Your instructions
Every line holding the string "Face" should be copied out of the listing.

── Data for this task

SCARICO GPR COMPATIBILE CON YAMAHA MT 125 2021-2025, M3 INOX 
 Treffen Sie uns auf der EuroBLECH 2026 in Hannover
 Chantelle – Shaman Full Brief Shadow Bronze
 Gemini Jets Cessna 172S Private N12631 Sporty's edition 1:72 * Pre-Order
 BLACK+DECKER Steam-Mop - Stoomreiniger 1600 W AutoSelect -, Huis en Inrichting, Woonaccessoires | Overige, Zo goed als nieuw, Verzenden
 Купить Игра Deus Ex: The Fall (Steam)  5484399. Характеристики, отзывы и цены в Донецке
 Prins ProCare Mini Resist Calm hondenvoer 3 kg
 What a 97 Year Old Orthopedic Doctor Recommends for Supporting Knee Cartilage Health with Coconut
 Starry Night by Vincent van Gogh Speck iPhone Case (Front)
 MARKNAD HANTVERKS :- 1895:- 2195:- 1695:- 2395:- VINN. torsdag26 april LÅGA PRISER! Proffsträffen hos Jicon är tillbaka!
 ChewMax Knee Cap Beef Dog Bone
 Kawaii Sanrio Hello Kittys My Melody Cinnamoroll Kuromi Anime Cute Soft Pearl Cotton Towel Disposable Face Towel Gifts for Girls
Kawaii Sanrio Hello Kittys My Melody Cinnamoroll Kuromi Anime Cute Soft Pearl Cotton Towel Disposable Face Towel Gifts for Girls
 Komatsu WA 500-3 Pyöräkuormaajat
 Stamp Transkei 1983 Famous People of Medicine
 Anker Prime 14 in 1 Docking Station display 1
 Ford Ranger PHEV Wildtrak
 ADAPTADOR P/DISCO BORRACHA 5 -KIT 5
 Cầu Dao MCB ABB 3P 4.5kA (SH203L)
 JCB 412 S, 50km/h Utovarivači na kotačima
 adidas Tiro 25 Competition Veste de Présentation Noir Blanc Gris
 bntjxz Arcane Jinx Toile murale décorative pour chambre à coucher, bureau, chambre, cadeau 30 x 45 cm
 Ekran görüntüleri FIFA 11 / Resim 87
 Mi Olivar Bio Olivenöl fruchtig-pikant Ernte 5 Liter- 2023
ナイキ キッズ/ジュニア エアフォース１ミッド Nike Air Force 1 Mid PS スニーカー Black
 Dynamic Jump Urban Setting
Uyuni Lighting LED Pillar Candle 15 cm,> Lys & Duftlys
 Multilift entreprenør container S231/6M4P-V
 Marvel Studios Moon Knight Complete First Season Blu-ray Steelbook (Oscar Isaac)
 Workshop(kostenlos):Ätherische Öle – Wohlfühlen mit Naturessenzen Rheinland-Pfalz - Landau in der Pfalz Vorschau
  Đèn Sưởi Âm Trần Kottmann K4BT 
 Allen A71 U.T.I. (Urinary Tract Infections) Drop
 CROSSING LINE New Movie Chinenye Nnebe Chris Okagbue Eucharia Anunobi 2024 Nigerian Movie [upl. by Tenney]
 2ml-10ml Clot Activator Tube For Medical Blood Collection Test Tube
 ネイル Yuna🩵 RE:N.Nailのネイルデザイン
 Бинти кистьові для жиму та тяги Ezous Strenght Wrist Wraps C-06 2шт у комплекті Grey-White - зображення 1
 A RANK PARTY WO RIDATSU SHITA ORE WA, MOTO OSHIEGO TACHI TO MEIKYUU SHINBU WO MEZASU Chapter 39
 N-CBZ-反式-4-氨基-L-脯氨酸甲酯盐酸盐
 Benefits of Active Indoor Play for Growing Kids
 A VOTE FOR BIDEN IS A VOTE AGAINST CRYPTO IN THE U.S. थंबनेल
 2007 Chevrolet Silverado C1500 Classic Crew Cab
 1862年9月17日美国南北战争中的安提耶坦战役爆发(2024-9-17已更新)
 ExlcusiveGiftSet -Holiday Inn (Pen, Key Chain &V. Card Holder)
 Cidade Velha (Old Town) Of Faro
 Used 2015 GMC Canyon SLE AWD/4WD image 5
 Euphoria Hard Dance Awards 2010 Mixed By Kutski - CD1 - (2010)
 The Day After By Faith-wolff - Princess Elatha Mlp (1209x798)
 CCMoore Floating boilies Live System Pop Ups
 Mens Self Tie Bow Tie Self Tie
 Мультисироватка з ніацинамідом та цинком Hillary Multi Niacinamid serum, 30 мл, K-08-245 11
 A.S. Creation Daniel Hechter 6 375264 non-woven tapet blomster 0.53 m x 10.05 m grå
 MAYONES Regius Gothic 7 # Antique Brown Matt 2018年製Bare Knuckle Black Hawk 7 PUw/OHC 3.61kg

────

Result
 Kawaii Sanrio Hello Kittys My Melody Cinnamoroll Kuromi Anime Cute Soft Pearl Cotton Towel Disposable Face Towel Gifts for Girls
Kawaii Sanrio Hello Kittys My Melody Cinnamoroll Kuromi Anime Cute Soft Pearl Cotton Towel Disposable Face Towel Gifts for Girls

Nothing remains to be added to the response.